第8話 既視感

 そろそろと水面に上半身を乗り出せば、穏やかな流れに静かに揺れる水面に映るのは、一人の少女。

 まず、何よりも目を引くのは銀糸の長髪、ほとんど透明に近い銀糸の一筋一筋が木漏れ日を呑んで光の奔流となり腰まで艶やかに伸びる。不安の為に涙を湛えた瞳は赤紫の宝玉を填めて潤み輝き、紫眼に縁取る長い睫毛が麗しさと高貴さで、眦の黒子が艶やかさで飾る。小さくもすっと通った鼻梁がつんと澄まして可愛らしく、ほんのりと薄桃に染まる頬が稚さを加える。小さくも肉厚の唇は光の加減もあるが瑞々しく艶めいて、緊張のために呼気に喘ぐ口元は整った歯並びが白く眩しい。

 全体的に堀が浅く、人生経験の浅い無垢を曝け出しており、血の気薄い透ける白磁の肌は、何処か現実味を薄めていた。

 ………。

 じっくり数十秒かけて、我に返る。

 凄い美少女である。我を忘れて見蕩れるほどに。

―――違う、見蕩れてる場合じゃない。

 首を振って、改めてまじまじと顔を見直し、嘆息した。

―――よかった。覚えがある。

 僅かに吊り上がった眦。目元に親しんだ黒子。他の人に比べて低い鼻も、彫りの浅い顔貌も確かに自分の記憶にある特徴だった。

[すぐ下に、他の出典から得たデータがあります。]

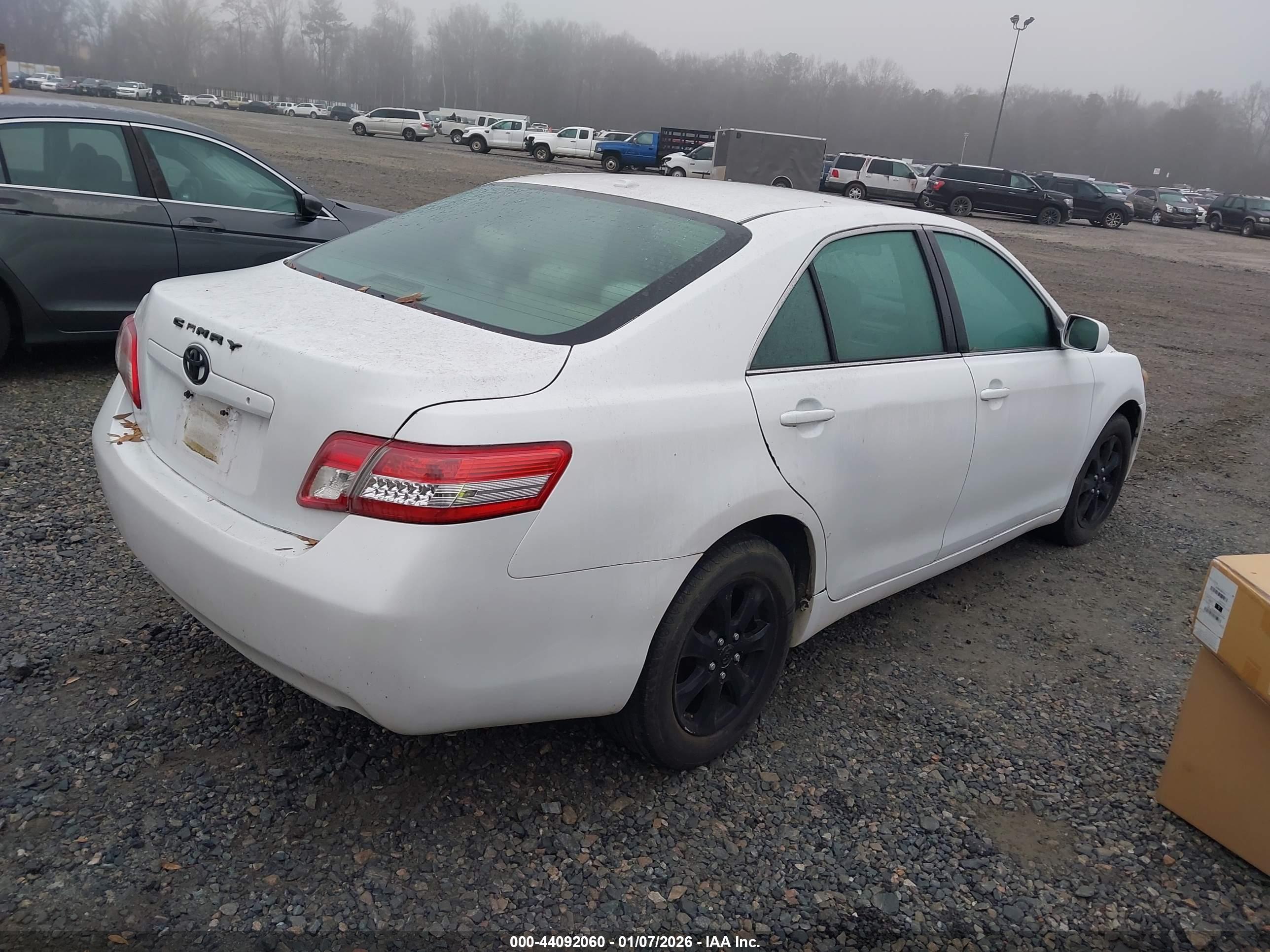 TOYOTA CAMRY image 4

 けれど、幾つか気になる点があった。まず、やはり髪を含めて全体の色が薄くなってしまっていること。瞳の色は赤紫色ではなかったけれど、瞳の色素も薄まったせいでそう見えるのかもしれない。そして、パーツについては確かにおぼえがあるものの、どれもおさまりよく、更に彫りが浅く、全体的にあどけなさが現れていた。

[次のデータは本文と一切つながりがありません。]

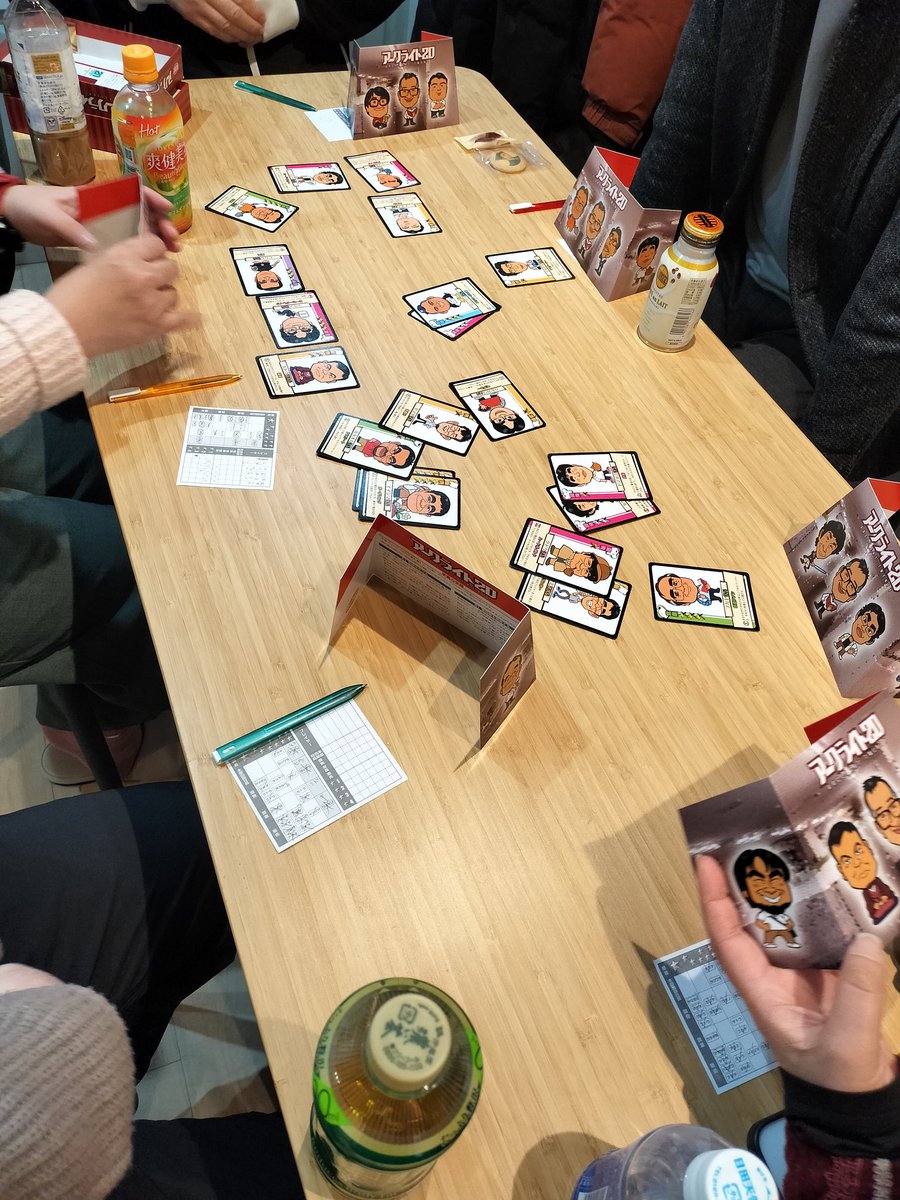 baggamehouse's tweet photo. 本日の会に参加のみなさん、���疲れ様でした。
今日は、いつもより盛況でしたね。実に���りがたい限りです。
そんな中うちの卓では、ケツァール、ゲシェンク、フリップセブンの他に、キャントストップもプレイ。
今回は改めて、名作の良さを再確認した感がありました。（ふう） https://t.co/I8PZDmTY8u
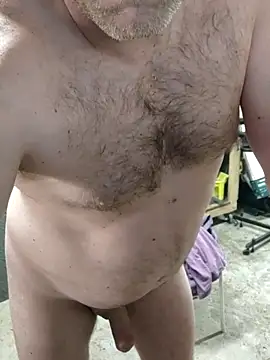 Snapshot of IronedTitan chatting on October 20, 12:11 am IronedTitan online show from October 20, 12:11 am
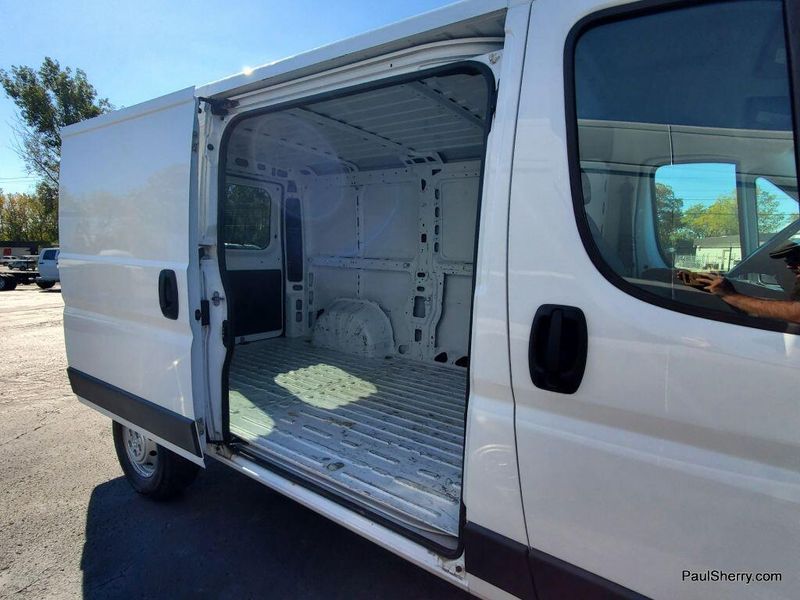 2017 RAM ProMaster 1500 Low RoofImage 14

 すでに成人を迎えており、嫁ぐことが可能な年齢のはずだったのに、これではまるで顔だけ見れば童女の様であった。

「身体が………縮んだのかしら?」

 森が装いを変容させるほどの期間気を失っていたのだから、痩せて縮んでしまった―――と、取り合えず、と無理に納得してみる。動き歩いた時に感じた違和感は、おそらくこれが一因だろう。そして、つい美少女と評したが、実際自分はこんなに整った顔つきだったろうか?

 疑念を浮かべるも、眼前の少女は首をかしげるばかり。

 けれど、強烈な既視感が確かにあった。

―――間違いなく、私はこの顔に慣れ親しんでいた。違って見えるのは、やはり色が薄まっていることと、揺れる水面が印象を変えているだけかも知れないわ。

 明らかな別人が強烈な違和感と共に顔をのぞかせなかったことに安堵を覚える。ひとまず、一番の懸念が晴れたことで、ようやく安堵に嘆息して、映る自身の姿に手を差し込み水を掬い飲む。

「………美味しい」

 がちがちに強張っていた体に、冷たい水が染み入る。ようやく緊張と不安に凝り固まっていた身体がほぐれていく気がする。木漏れ日が揺れる川縁で、木々の上を渡る風に揺れる枝葉の囁きを耳にして、ようやく自分が生きているという実感がじわじわと湧き上がるのを感じた。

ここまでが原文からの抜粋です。